Neither had the French or the British, for that matter, but advancing so
far and so quickly into enemy territory would stretch the limits of logistics
and command and control.
Generaloberst Helmut von Moltke,
the German Chief of Staff had been convinced to move troop dispositions at the
outset, bleeding strength from the right echelon to reinforce the centre. This was contradictory to Schlieffen’s
desires (so much so that the old man is reported to have said “keep the right
wing strong” as his last words[5]). While it can be argued whether the move
proved necessary to prevent a French breakthrough in Alsace and Lorraine,
tinkering with the plan, combined with stronger Belgian resistance than
expected and the presence of an 80 000 strong British Expeditionary Force could
well have skunked Germany in the West. Nevertheless,
the initial phases of the Schlieffen plan went remarkably well, not least because
France had been caught wrong footed with Plan XVII, the bulk of her armies
being drawn away from the main German advance.

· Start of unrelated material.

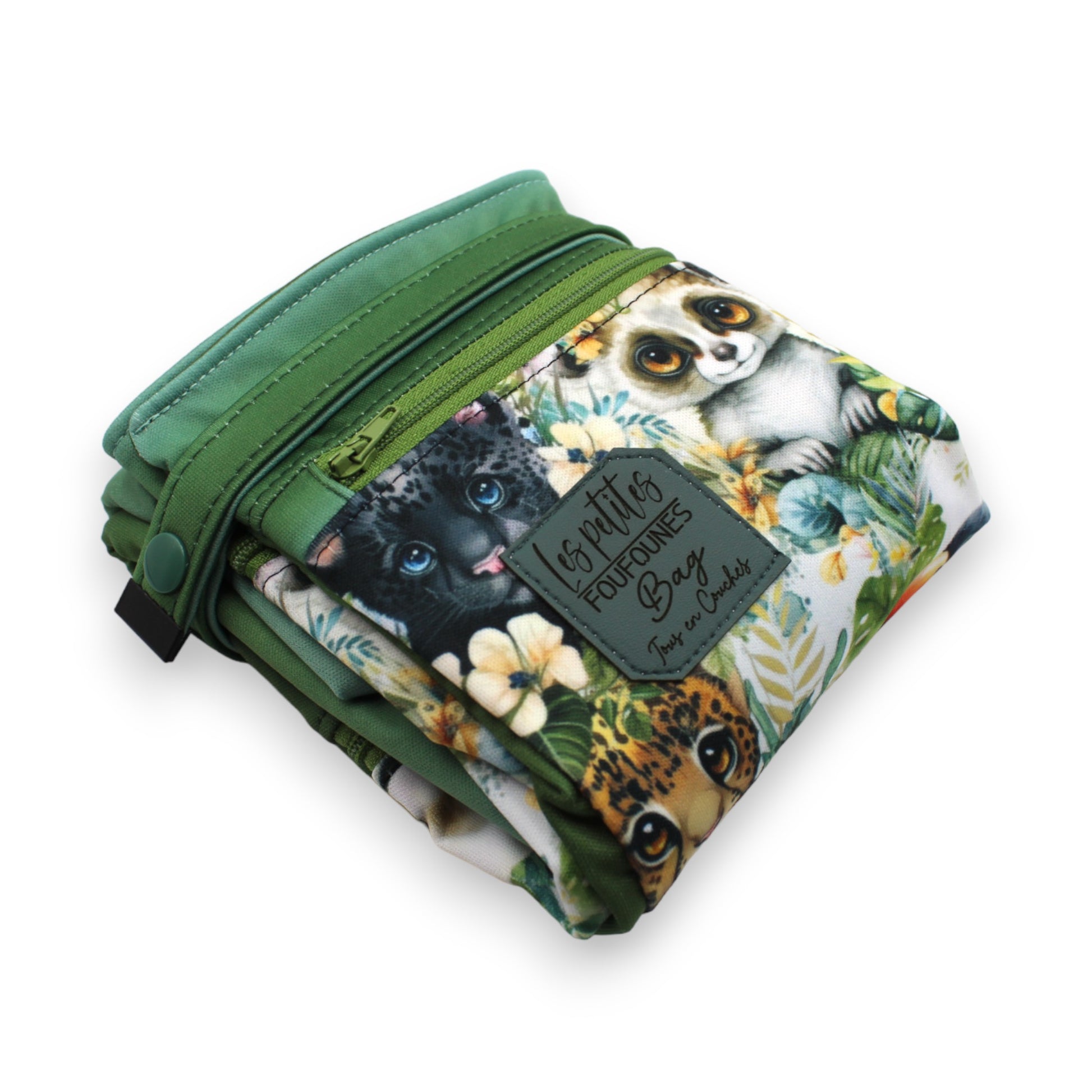 Foufounes Bag - Cute jungle (7241128935561)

The French were forced to adjust their own strategy
by making deployment decisions on the fly.
By following Plan XVII, the French Commander in Chief, Joseph Joffre,
kept pressing attacks along the frontier and wasn’t fully aware of the strength
or intent of the German forces moving through Belgium. As the situation developed, to provide a sufficient
blocking force, Joffre shifted his 5th Army north to meet the German
right and requested the BEF form a defensive line in support of 5th
Army’s movements.
Victory in war often goes to the side
that can be most responsive to the changing situation. In the case of these battles of encounter in
Western Belgium and North-eastern France, the allies made a correct, but often
misinterpreted tactical choice: They fell back.
Retreat should be understood to not always be synonymous with
defeat. Ceding territory to an enemy
which will have to be retaken is regrettable, but a well-executed, organised
rearward movement shortens lines of supply and communication while extending those
of the enemy in pursuit-hopefully to a point of unbearable strain. Attempts to check the German advance having
been unsuccessful, the BEF and French 5th, 9th and 4th
Armies began a series of retreats over twelve days.[6]
The anticipated encirclement and fall of
the French capital was set to take place within the first forty days of the
war. With Russia expected to take six
weeks to effect mobilisation in the East, “Between the thirty-fifth and
fortieth day, therefore, the outcome of the war was to be decided.”[7] Paris
was temptingly close, and some advanced German units were breaking out in
cheers as they passed “Paris 30 Miles” signposts. Despite delays besieging Belgian fortresses
and last minute changes to a plan that demanded no change, the Schlieffen plan
was adhering to schedule.
Joffre was coming under immense
pressure. The fighting retreat had
preserved his armies and slowed the Germans, but they would have to make a stand
somewhere. Paris must not be allowed to
fall. The government had evacuated and
reservists were entrenching in the suburbs in expectation of the German
assault. Even worse was the state of
affairs between him and Field Marshall Sir John French, commanding the
BEF. French, prior to deploying to
France had received a very broad mandate from the Secretary of State for War,
Lord Kitchener: “It will be obvious that the greatest care must be exercised
towards a minimum of loss and wastage. I
wish you to distinctly understand that your force is an entirely independent
one and you will in no case come under the orders of any Allied general.”[8] With
costly engagements at Mons and Le Cateau, French desired to pull the BEF from
line of battle to refit over a period of ten days, even contemplating
evacuation across the Channel, and Joffre could not compel him to do otherwise.
Likewise, Moltke was under tremendous
strain. German forces had covered a lot
of ground in these crucial first five weeks.
Though, the further they advanced the more spread out and beyond easy
reach from his influence they became; the men were reaching their physical
limit. The Germans were running out of
time and the allies were running out of space.
Moltke’s armies would have to move on Paris, and Joffre would have to
counter-attack before that happened.